August 19, 1596: Birth of Princess Elizabeth (Stuart) of England, Scotland and Ireland. Part I.

liamfoley63's avatarEuropean Royal History

Elizabeth Stuart (August 19, 1596 – February 13, 1662) was Electress of the Palatinate and briefly Queen of Bohemia as the wife of Friedrich V of the Palatinate. Because her husband’s reign in Bohemia as King and in the Palatinate as Prince-Elector lasted for just one winter, Elizabeth is often referred to as the “Winter Queen”.
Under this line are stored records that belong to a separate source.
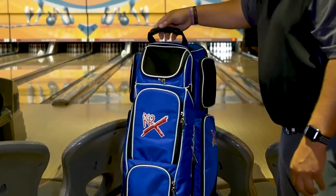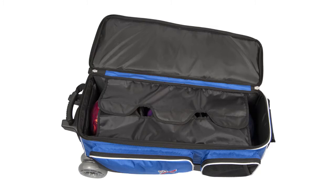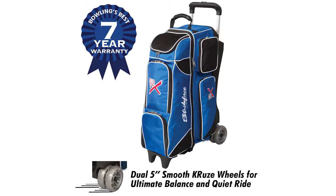The inside of the bag has molded plastic ball cups and a deluxe velcro retaining strap to securely hold your bowling balls while transporting. This bag comes with the industry's best 7-year warranty.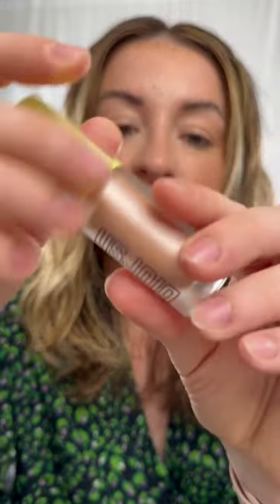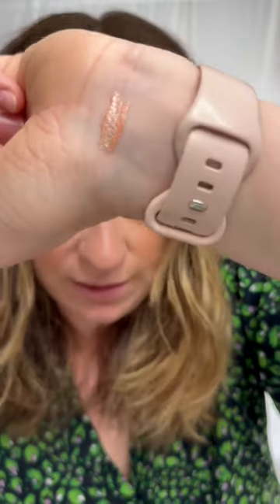I finally got my hands on one of the Made by Mitchell blur shears — but this is the highlighter in Champagne Spray. I have seen people rave about this so I'm excited to try it. This is what it looks like, and if I just do a swatch it does look very pretty, I have to say.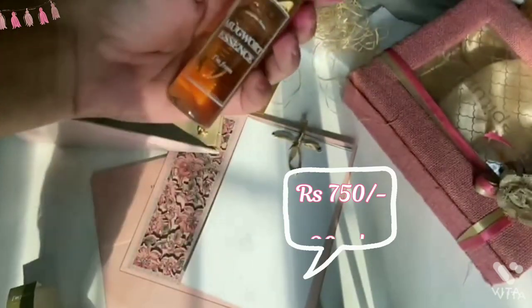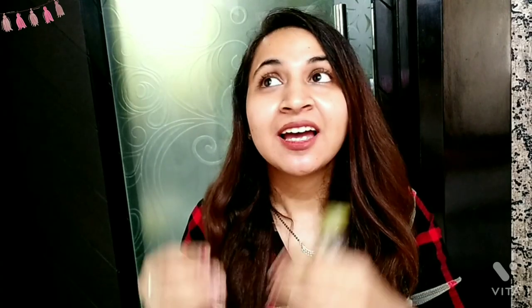This mugwort has only one ingredient which is mugwort extract and nothing else. No preservatives, no parabens, no silicones, no perfume, no fragrance, no essential oil.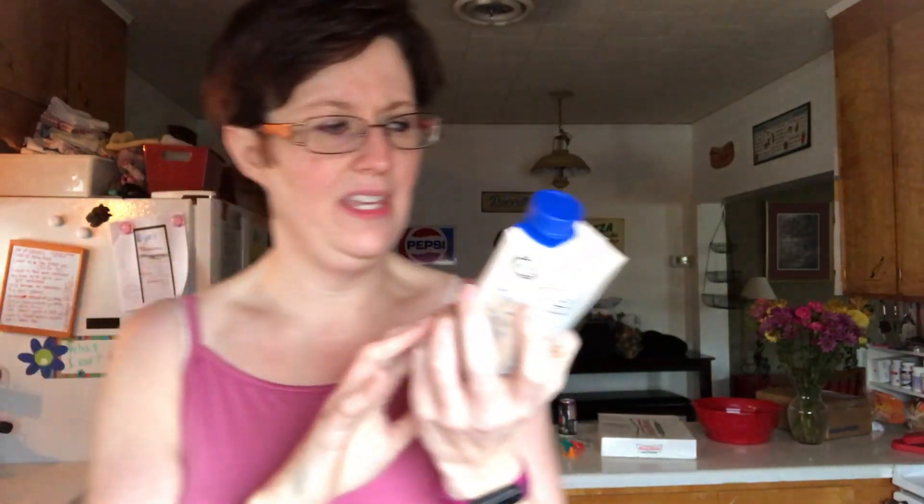I use my 24-ounce service cup, I put ice in probably up to about here, then I use the Keurig on the medium setting — mine has three settings: small, medium, and large. Then I use half of an Atkins shake.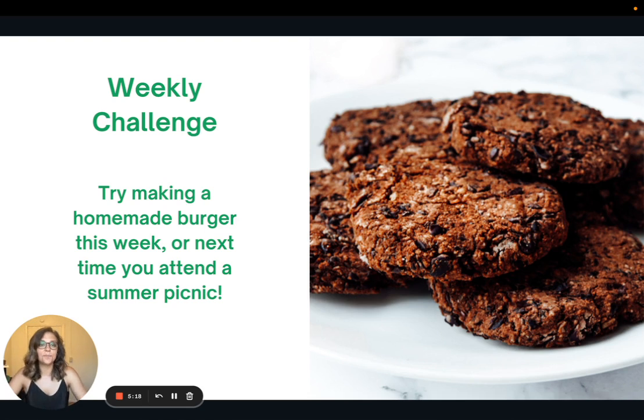The weekly challenge: try making a homemade burger this week, or the next time you attend a summer picnic or cookout, bring a homemade burger to that. That's all for this week — thank you so much for joining me, and I'll see you all next week.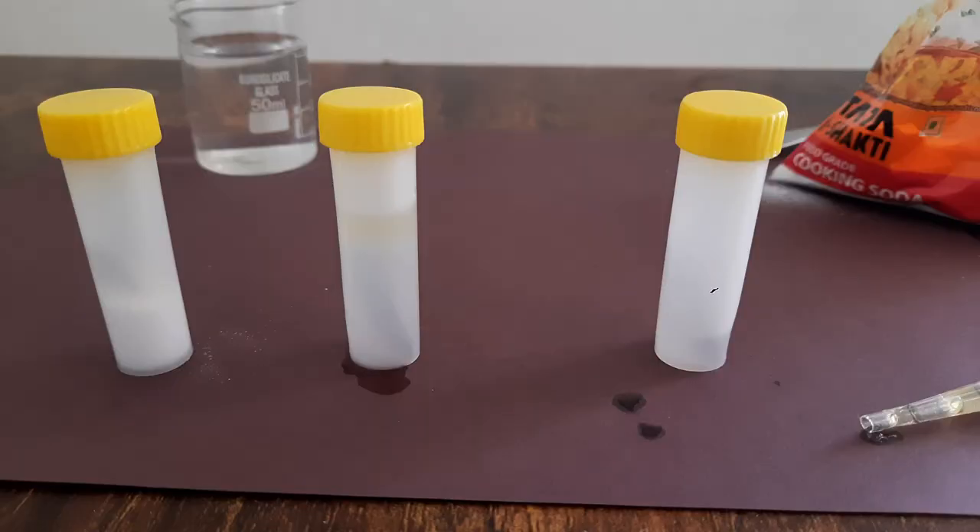Now we have these three plastic tubes with iron nails in them, but what is inside these tubes apart from the iron nails is different. In the first plastic tube on the left, we have baking soda. Baking soda absorbs all the moisture in the air around it — it absorbs the water molecules in the air. It's called a dehumidifying agent. In the tube in the middle we have boiled water and a layer of oil on top of it.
Elizabeth was the second child and eldest daughter of James I-VI, King of England, Scotland and Ireland, and his wife, Anne of Denmark. Anne of Denmark was the second daughter of daughter of King Frederik II of Denmark and Norway and Sophie of Mecklenburg-Güstrow. Elizabeth had two siblings, infancy: Henry Frederick, Prince of Wales, who predeceased his parents and James’s future successor, Charles I. Other siblings, Margaret (1598–1600), Robert Bruce Stuart, Duke of Kintyre and Lorne (January 18, 1602 – May 27, 1602), Mary Stuart (1605–1607), and Sophia (June 22, 1606 – June 23…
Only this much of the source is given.